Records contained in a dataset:
↓↓↓

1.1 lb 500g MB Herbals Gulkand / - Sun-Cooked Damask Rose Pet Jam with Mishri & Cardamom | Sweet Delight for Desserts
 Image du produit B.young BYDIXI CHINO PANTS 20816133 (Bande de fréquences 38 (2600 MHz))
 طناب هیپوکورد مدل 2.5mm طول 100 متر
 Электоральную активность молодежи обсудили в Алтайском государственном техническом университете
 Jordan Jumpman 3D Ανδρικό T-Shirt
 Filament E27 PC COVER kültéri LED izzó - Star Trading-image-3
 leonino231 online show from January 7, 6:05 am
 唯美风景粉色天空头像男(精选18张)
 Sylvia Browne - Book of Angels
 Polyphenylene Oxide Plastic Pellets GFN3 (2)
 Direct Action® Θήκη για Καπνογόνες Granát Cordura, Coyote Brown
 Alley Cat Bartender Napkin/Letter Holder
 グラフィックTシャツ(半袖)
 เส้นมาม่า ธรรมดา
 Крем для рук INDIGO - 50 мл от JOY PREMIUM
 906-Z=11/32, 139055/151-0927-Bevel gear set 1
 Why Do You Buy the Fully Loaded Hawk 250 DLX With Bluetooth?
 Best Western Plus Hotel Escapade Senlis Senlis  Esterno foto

↑↑↑

**What to work on**
Exactly as they appear, print the lines from the one holding "Filament E27 PC" through the final line of the entries, and no others.

**Response**
 Filament E27 PC COVER kültéri LED izzó - Star Trading-image-3
 leonino231 online show from January 7, 6:05 am
 唯美风景粉色天空头像男(精选18张)
 Sylvia Browne - Book of Angels
 Polyphenylene Oxide Plastic Pellets GFN3 (2)
 Direct Action® Θήκη για Καπνογόνες Granát Cordura, Coyote Brown
 Alley Cat Bartender Napkin/Letter Holder
 グラフィックTシャツ(半袖)
 เส้นมาม่า ธรรมดา
 Крем для рук INDIGO - 50 мл от JOY PREMIUM
 906-Z=11/32, 139055/151-0927-Bevel gear set 1
 Why Do You Buy the Fully Loaded Hawk 250 DLX With Bluetooth?
 Best Western Plus Hotel Escapade Senlis Senlis  Esterno foto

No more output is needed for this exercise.